Eppure quel giramento di testa faceva supporre che qualcosa che non andava in fondo ci fosse.
- Credo che possa centrare con l’aver trovato la tua arma – mormora all’improvviso Abaddon, riflettendoci su allo stesso tempo – Si, se non ricordo male è una cosa che accade, e dal momento che tu sei solamente per metà un demone può darsi che per te sia più fastidioso – aggiunge.
- Lo credi? - le chiedo, visto che da questo punto di vista è decisamente lei l’esperta, insieme a suo fratello ovviamente.
L’unica possibilità che ho è crederle sulla parola.

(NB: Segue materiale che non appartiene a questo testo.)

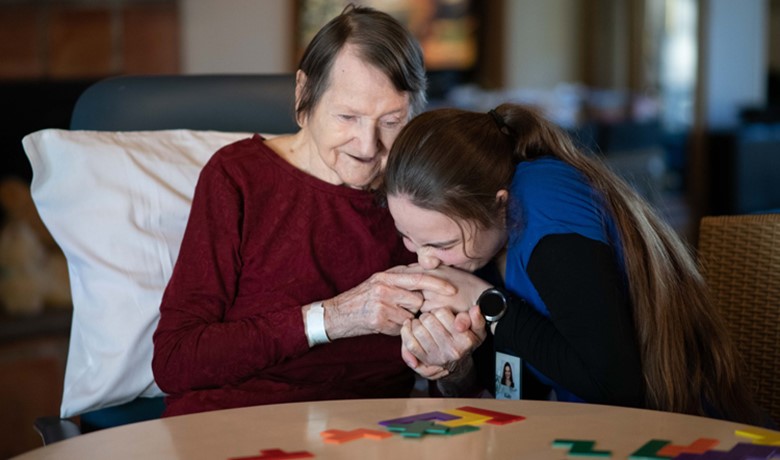 Caretaker kissing patients hand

- Lo credo – risponde poco dopo – Vedrai, non è niente di grave – aggiunge – Appena ti sentirai meglio faremo qualche allenamento, forse sei addirittura in grado di tenermi testa! - conclude, facendomi per un momento rimuginare su quell’eventualità.
Certo, tenere testa ad Abaddon non sembrava una cosa semplice, ma forse non era poi così complicato come mi era parso la prima volta che l’avevo vista combattere. - Vedremo, in fondo ho comunque bisogno di allentamento – commento.

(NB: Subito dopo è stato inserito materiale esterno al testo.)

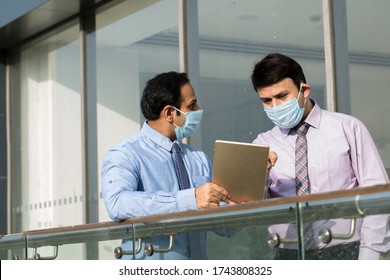 Office worker meeting with face mask quarantine from coronavirus or COVID-19 - Powered by Shutterstock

Con quelle parole, mi congedo dalla sua camera, ancora pensierosa su quanto appena successo. Quella sensazione era durata sola un momento, eppure mi aveva scosso parecchio, soprattutto non conoscendone la causa.
Da quando avevo scoperto di essere in parte un demone, però, me ne erano successe di cose, e questa non era decisamente quella più strana; decido lì su due piedi di dar retta ad Abaddon, continuando a ripetermi che è stato tutto dovuto al possesso della mia nuova arma.

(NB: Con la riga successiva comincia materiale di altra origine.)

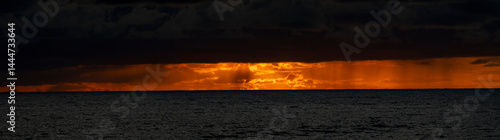 Obraz na płótnie Very moody and dramatic sky over the cloudy ocean horizon, with strong orange, sunbeams and traces of lingering storm cells w salonie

Ripetendomi quelle parole nella mente come un mantra, mi dirigo verso la mia camera, desiderosa di riposarmi anche solo per cinque minuti.


***

Abaddon.

 

Avevo tranquillizzato Yuki su quel suo improvviso giramento di testa, misto a quello che lei aveva descritto come un senso di nausea, dicendole che era tutta colpa dell’affinità con la sua nuova arma. Ma più pensavo a come era successo, e più mi convincevo che forse quello non era il solo motivo.
Per i demoni tutto è più amplificato: la rabbia, il dolore, persino l’amore, quindi magari quel fastidio improvviso non era poi così strano nemmeno per una persona particolare come lei.
- O questo, oppure.. - mormoro, riflettendo per un momento su quella che giudico un’altra ipotesi più che probabile – Oppure.. - ripeto, con due dita sotto il mento, pensierosa.
No, sono io che esagero come al solito, sicuramente è tutto apposto.
Nel caso non lo fosse stato, prima o poi ce ne saremmo accorti tutti.